When in Japan: Check the weather report. FREQUENTLY.
Unlike in Dubai where the sun shines 330 days year (don’t ask me but I’m guessing 5 days would be random rain days and another 30 would be cloudy with a chance of sunshine later), the weather in Japan especially in June changes every couple of hours or so. Basically, it’s the rainy and storm season in June but even that doesn’t bother me. I miss rain, after all.
But when the rain messes up with your limited travel time, it…gets to you. Especially if you have two young children constantly looking out the window, tugging your clothes and demanding outdoor time.
We planned to go to the park but it was already raining when we woke up. Pristine never want to give it up and played with the umbrella outside. My friend and I decided we’ll walk to the park – a good 30 minutes walk…maybe the rain will stop. Boo hoo – it’s like she didn’t live in Japan for 18 years already or was just kidding herself. Of course the June rain didn’t stop just for us.
The hydrangeas in the park are in full bloom. Benjamin didn’t care that it was raining or that he had no umbrella with him, running around like a horse out of the stable and into the wild!
Regardless of the non-stop rain and the constant whining of Pristine that her slippers are already wet and muddy (duh, that never happens in Dubai so she is freaking out!), we walked around the park to see more of the hydrangeas.
I wish I could’ve taken more pictures but another major realization: you can’t really be busy with your camera while holding a squirmy toddler with your other hand!

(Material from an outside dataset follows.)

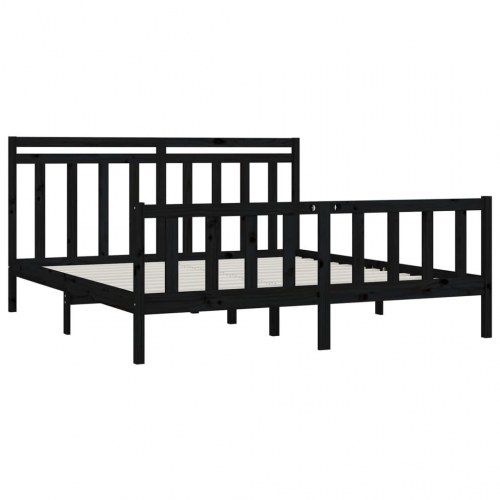 Sengeramme 180x200 cm Super King massivt fyrretræ grå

After staying in the park for a good one hour and seeing that the rain has no plan of stopping, we headed home but decided to take the bus! I am not going to walk in the rain carrying Benjamin for more than 30 minutes! He was already tired and got cranky at the bus stop, demanding boob time. OMG. There was no other way to appease him so I sat there, took out my breastfeeding cover and you know, got on with the motherly duty!
Meanwhile, Pristine is constantly saying she needs wellies. What is a ‘wellie’?!
“It’s boots mom, in the English you are used to!” Oh, okay then.